A confession: I used to watch The Vampire Diaries. It’s mildly embarrassing to admit, but it was such an addicting show. Some of my co-workers were trying to get me hooked, so they left the first season on my shelf at work. I watched six episodes in the first night.
When a teenage girl in the show becomes a vampire, she feels a lot of loss about the human life that she won’t get to live. She won’t grow up, go to college, or have kids. A group of her friends hold a wake for her to process the loss of her human self.
Around the time that I was (binge) watching this show, I also read this piece by Julie Peters called The Relationship Funeral: Rituals for a Breakup. In it, she writes: “Our culture is devoid of rituals.” She was specifically addressing the lack of ritual to process the loss of a relationship.
I agreed. I felt the general absence of space to process loss, and I was inspired, by Julie and The Vampire Dairies, to create it.
I have been a part of two late-night, burn-things-at-the-beach rituals since this time. They were both transformative experiences and have helped me become more aware of moments of loss in my life.
Why do I want to be more aware of loss?
Because I think we get stuck in fear when we don’t process loss.
I see it a lot in my work with people living with chronic pain. Developing chronic pain can be a little bit like becoming a vampire: the life that you thought you were going to live is suddenly not the life you are living. A fear of feeling the pain of that loss can make it very hard to move forward. Acknowledging and grieving loss in the face of chronic pain can be a very important part of the healing process.
The book This Thing Called Grief: New Understandings of Loss by Thomas M. Ellis influenced my current way of thinking about loss and grief. He puts it simply: “Grief is not about stages you go through and ultimately graduate from. Rather it is a dynamic process of ups and downs, fluctuating with painful and peaceful moments, hours, days, and weeks.” He also quotes C. S. Lewis: “No one ever told me that grief felt so like fear.”
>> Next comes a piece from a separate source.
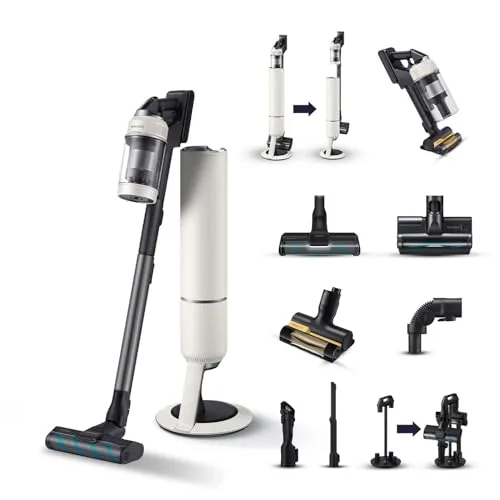 Samsung Scopa Elettrica Ricaricabile VS80F28DES/WA BESPOKE Jet AI LITE complete extra, Aspirapolvere Senza Filo, Clean Station, Potenza 280W, Fino a 120 Min di Autonomia, Beige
It was interesting for me to relate my sense that we get stuck in fear when we don’t process loss to Lewis’ assertion that grief feels like fear. The relationship between grief and fear is complex. I have found that carving out the space to ritualize loss is a powerful way to soften the intensity of the fear associated with it. It doesn’t take away the sadness. It doesn’t somehow tie the loss into a little package that I can put aside. But it does seem to alleviate a sense of being frozen in the depth of the loss.
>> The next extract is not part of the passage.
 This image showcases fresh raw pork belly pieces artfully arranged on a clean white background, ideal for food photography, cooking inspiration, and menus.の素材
A student in one of my classes once asked, “So, how do we do it? How do we ritualize loss?”
It stumped me a bit at first because my own rituals have been very, very random. I certainly don’t have a formula, just a sense that I should burn something. Upon reflection, I think a loss ritual, at least in the way that I have approached them, can be captured in two simple steps:
- Schedule a time where your intention is to spend that time acknowledging something or someone that you have lost.
- During that time, perform some action (writing, burning, speaking, etc.) that for you is a symbolic honouring of the loss you have experienced.
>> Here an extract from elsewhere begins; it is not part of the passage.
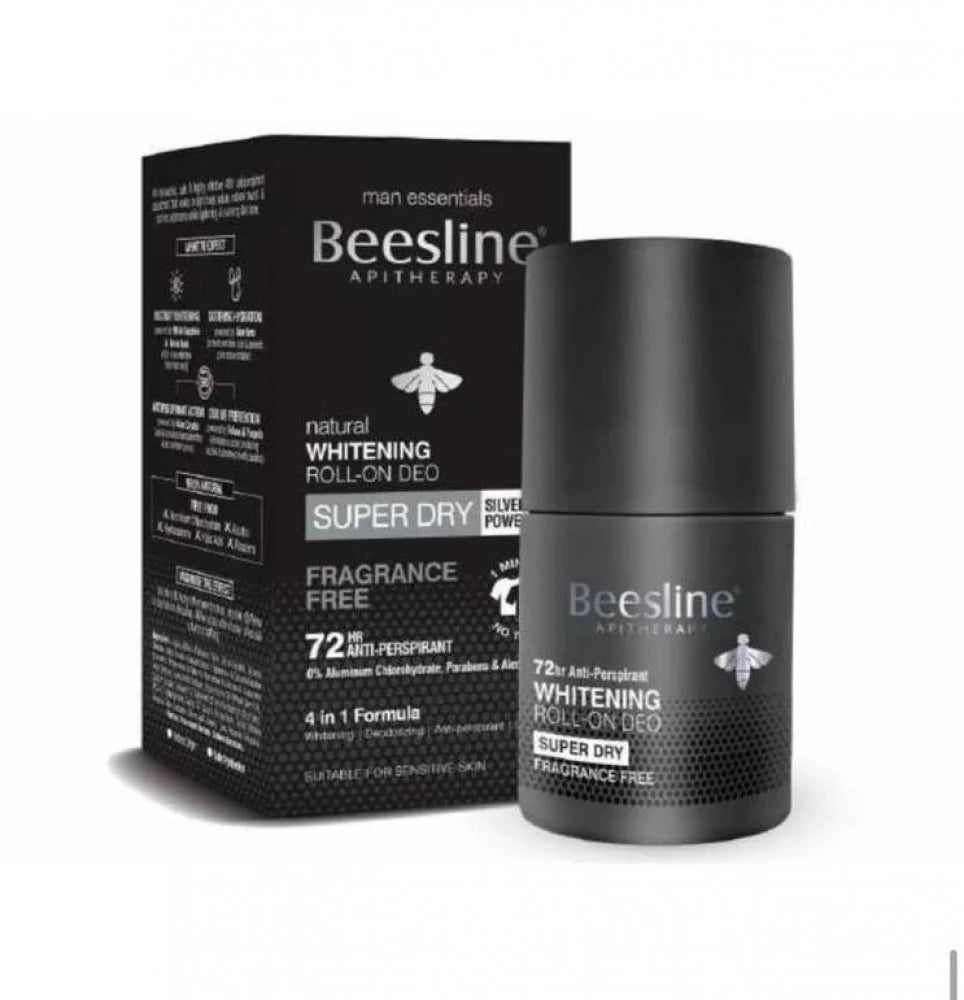 Beesline Men Whitening Roll-On Deo - Super Dry -Fragrance Free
Of course, a precursor to this process is simply recognizing that you are experiencing loss in the first place, which is harder than it sounds – especially in the context of chronic pain.
Ritualizing loss is the legacy of The Vampire Diaries in my life. Not every experience of loss requires burning things at the beach, but for me, late-night rituals with friends and fire have been a source of laughter in the midst of grief. A reminder that when we chose to be open to feeling the pain of our loss we also become more open to feeling joy.